Daerah Buta (B) : Darah kesadaran yang memuat hal-hal yang diketahui oleh orang lain, tetapi tidak diketahui oleh dirinya sendiri.
Daerah Tersembunyi (C) : Daerah kesadaran yang hanya memuat hal-hal yang diketahui oleh dirinya sendiri tetapi tidak diketahui oleh orang lain. (daerah rahasia pribadi) .
Daerah Tak Disadari (D): Daerah kesadaran yang memuat hal-hal yang direpres ke dalam ketidaksadaran
Untuk pengembangan pribadi dan pengenalan diri yang idial maka sedapat mungkin seseorang harus memperbesar daerah pubilknya, karena semakin banyak hal yang dipahami bersama, maka seseorang akan lebih mudah membawakan dirinya dihadapan orang lain. Memperbesar daerah publik dapat diusahakan dengan dua cara, yaitu: Mengekpresikan diri dan Meminta/mencari Umpan Balik.
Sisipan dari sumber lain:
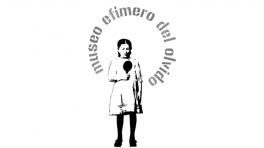 Estén en la memoria del museo efímero del olvido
Cara memberi umpan balik yang baik adalah menguraikan, bukan menilai, menyampaikan pada saat yang tepat serta hanya mengutarakan hal-hal yang kiranya bisa dirubah.
Manfaat Mengenali Diri Sendiri
1. Dapat Mengetahui apa yang dibutuhkan dalam hidup ini
2. Dapat mengetahui kelebihan dan kekurangan pribadi
3. Dapat memenfaatkan pengetahuan diri untuk menujang cita-cita
4. Dapat mengatahui mengapa menjadi sukses dan gagal dalam suatu hal
5. Dapat merencanakan masa depan secara lebih terarah

PENGENALAN DIRI HANYA AKAN TERCAPAI DENGAN MENGUSAHAKAN UMPAN BALIK YANG JUJUR TENTANG DIRINYA DARI ORANG LAIN.